WordPress.org

Make WordPress Core

Opened 5 weeks ago

Last modified 13 days ago

#53019 new defect (bug)

The _sanitize_text_fields function removing the octets that incorrectly work with Arabic RTL languages.

Reported by: wppunk Owned by:
Milestone: Awaiting Review Priority: normal
Severity: normal Version:
Component: Security Keywords:
Focuses: rtl Cc:

Description (last modified by SergeyBiryukov)

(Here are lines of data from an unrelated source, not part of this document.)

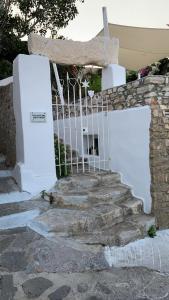 un escalier avec un portail blanc et quelques marches dans l'établissement THE OLIVE MILL GUEST HOUSE, à Lefkes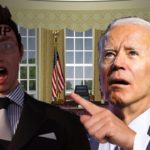 Joe Biden wearing suit inside Oval Office pointing at man wearing glasses.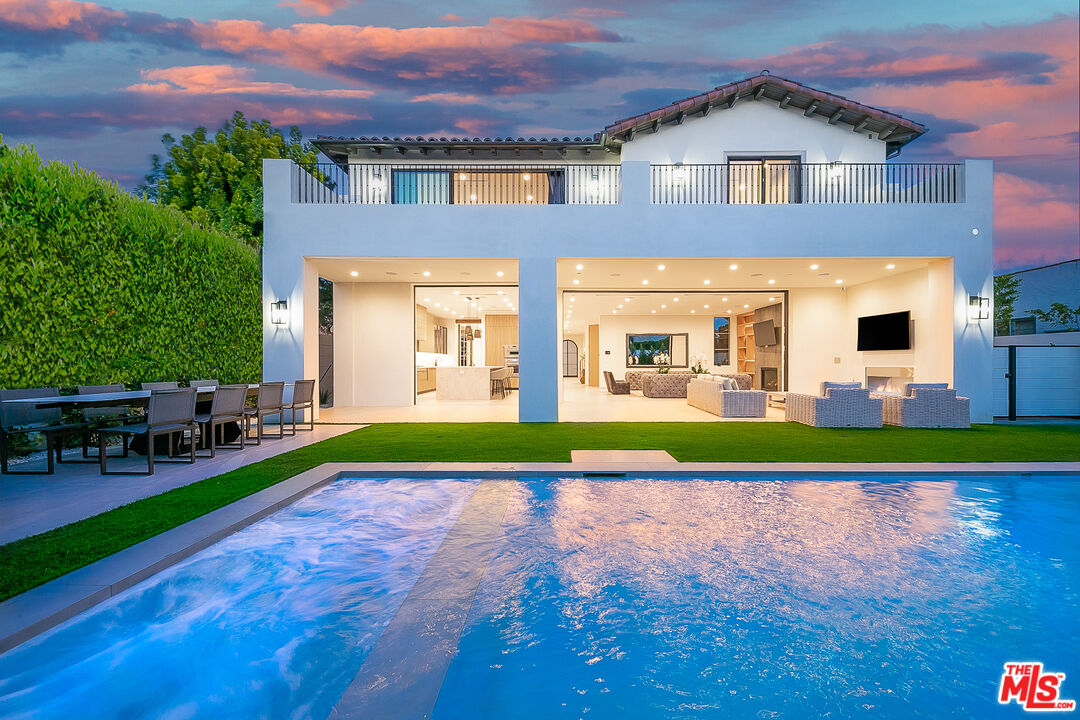 a view of pool with a yard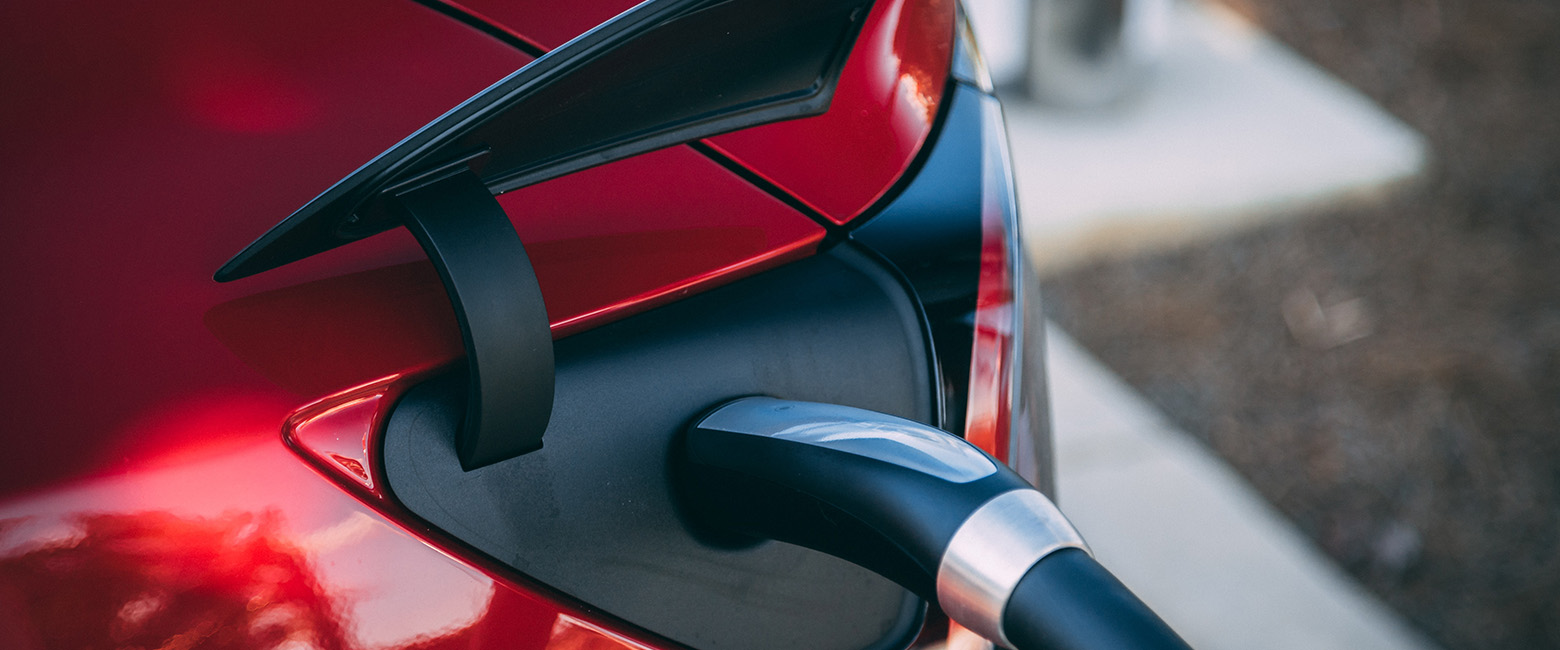 Electric vehicle being charged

%10 - %99 are valid percents for the Arabic languages. The Arabic percentage usage.

As I can see [here]https://core.trac.wordpress.org/browser/tags/5.7/src/wp-includes/formatting.php#L5409, removing all octets, but I'm not sure that it's really for security reasons. Anyone could approve that this code really important here?

Change History (2)

#1 @SergeyBiryukov
5 weeks ago

  • Description modified (diff)

#2 @peterwilsoncc
13 days ago

I ran some strings through various escaping functions in wp-cli

wp> sanitize_text_field( 'cats of %90 by recommended' );
string(22) "cats of by recommended"

wp> sanitize_text_field( 'recommend by 90% of cats' );
string(24) "recommend by 90% of cats"

wp> sanitize_text_field( 'cats of %900 by recommended' );
string(24) "cats of 0 by recommended"

wp> sanitize_text_field( 'cats of 💯 by recommended' );
string(27) "cats of 💯 by recommended"

wp> sanitize_text_field( 'cats of %90 < by recommended' );
string(27) "cats of &lt; by recommended"

wp> esc_attr( 'cats of %90 by recommended' );
string(26) "cats of %90 by recommended"

wp> esc_url( 'http://example.com/?s=20%' )
string(25) "http://example.com/?s=20%"

wp> esc_url( 'http://example.com/?s=20%25' )
string(27) "http://example.com/?s=20%25"

wp> esc_url( 'http://example.com/?s=%20' )
string(25) "http://example.com/?s=%20"

wp> esc_attr( 'cats of %90 by recommended' );
string(26) "cats of %90 by recommended"

wp> global $wpdb
wp> $wpdb->prepare( 'post_type=%s', '%20' )
string(80) "post_type='{ad6df8669b87f3e7ce3f7b30446aeb270ddef911039b7c96abdd4e90e383dfe5}20'"

As a general rule the sanitize_* functions are intended to run on data on the way in, the esc_* function upon display so some difference is expected but WP should certainly accommodate RTL languages.

It occurs to me that in faux-equations something like %aa + %bb = %cc could also be legitimate in some RTL languages.

This was added in [11929] for #10751 but the reasoning is unclear.

--

WordPress ought to support RTL representations of percentages. For properly prepared SQL statements, WP uses the value of $wpdb->placeholder_escape() for percent symbols and later removes them while making the query.

Note: See TracTickets for help on using tickets.